The CDK4/6 inhibitor LY2835219 overcomes vemurafenib resistance resulting from MAPK reactivation and cyclin D1 upregulation.


PMID 25122067

Abstract

B-RAF selective inhibitors, including vemurafenib, were recently developed as effective therapies for melanoma patients with B-RAF V600E mutation. However, most patients treated with vemurafenib eventually develop resistance largely due to reactivation of MAPK signaling. Inhibitors of MAPK signaling, including MEK1/2 inhibitor trametinib, failed to show significant clinical benefit in patients with acquired resistance to vemurafenib. Here, we describe that cell lines with acquired resistance to vemurafenib show reactivation of MAPK signaling and upregulation of cyclin D1 and are sensitive to inhibition of LY2835219, a selective inhibitor of cyclin-dependent kinase (CDK) 4/6. LY2835219 was demonstrated to inhibit growth of melanoma A375 tumor xenografts and delay tumor recurrence in combination with vemurafenib. Furthermore, we developed an in vivo vemurafenib-resistant model by continuous administration of vemurafenib in A375 xenografts. Consistently, we found that MAPK is reactivated and cyclin D1 is elevated in vemurafenib-resistant tumors, as well as in the resistant cell lines derived from these tumors. Importantly, LY2835219 exhibited tumor growth regression in a vemurafenib-resistant model.
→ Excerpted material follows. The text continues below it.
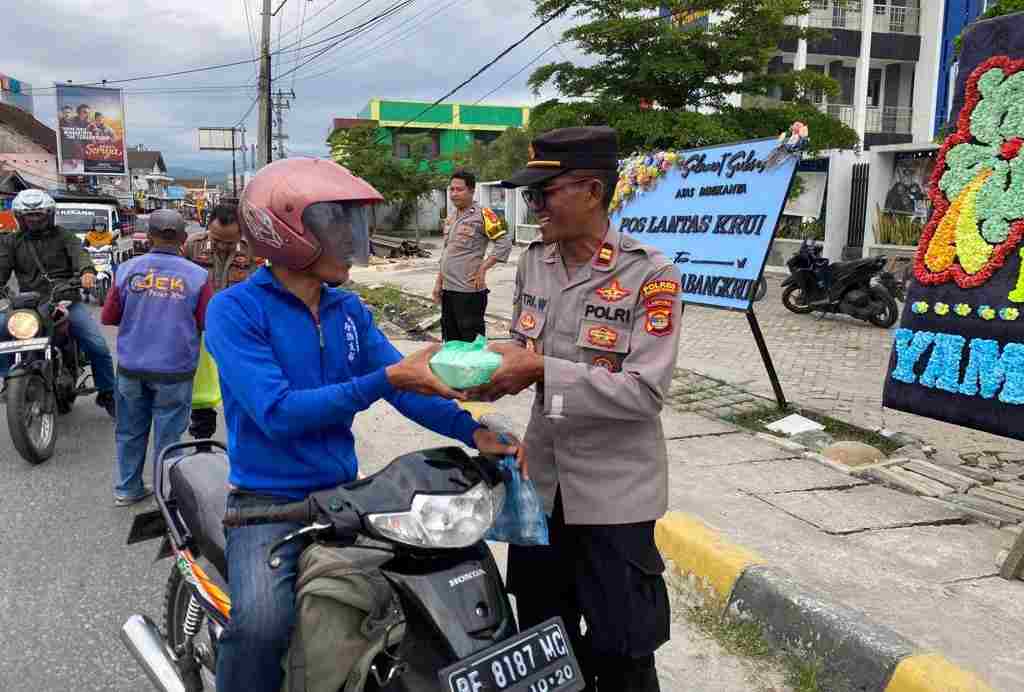 Jumat Berkah Polres Pesisir Barat Bagikan Nasi kotak Jumat Berkah Polres Pesisir Barat Bagikan Nasi kotak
Mechanistic analysis revealed that LY2835219 induced apoptotic cell death in a concentration-dependent manner in vemurafenib-resistant cells whereas it primarily mediated cell-cycle G1 arrest in the parental cells. Similarly, RNAi-mediated knockdown of cyclin D1 induced significantly higher rate of apoptosis in the resistant cells than in parental cells, suggesting that elevated cyclin D1 activity is important for the survival of vemurafenib-resistant cells. Altogether, we propose that targeting cyclin D1-CDK4/6 signaling by LY2835219 is an effective strategy to overcome MAPK-mediated resistance to B-RAF inhibitors in B-RAF V600E melanoma.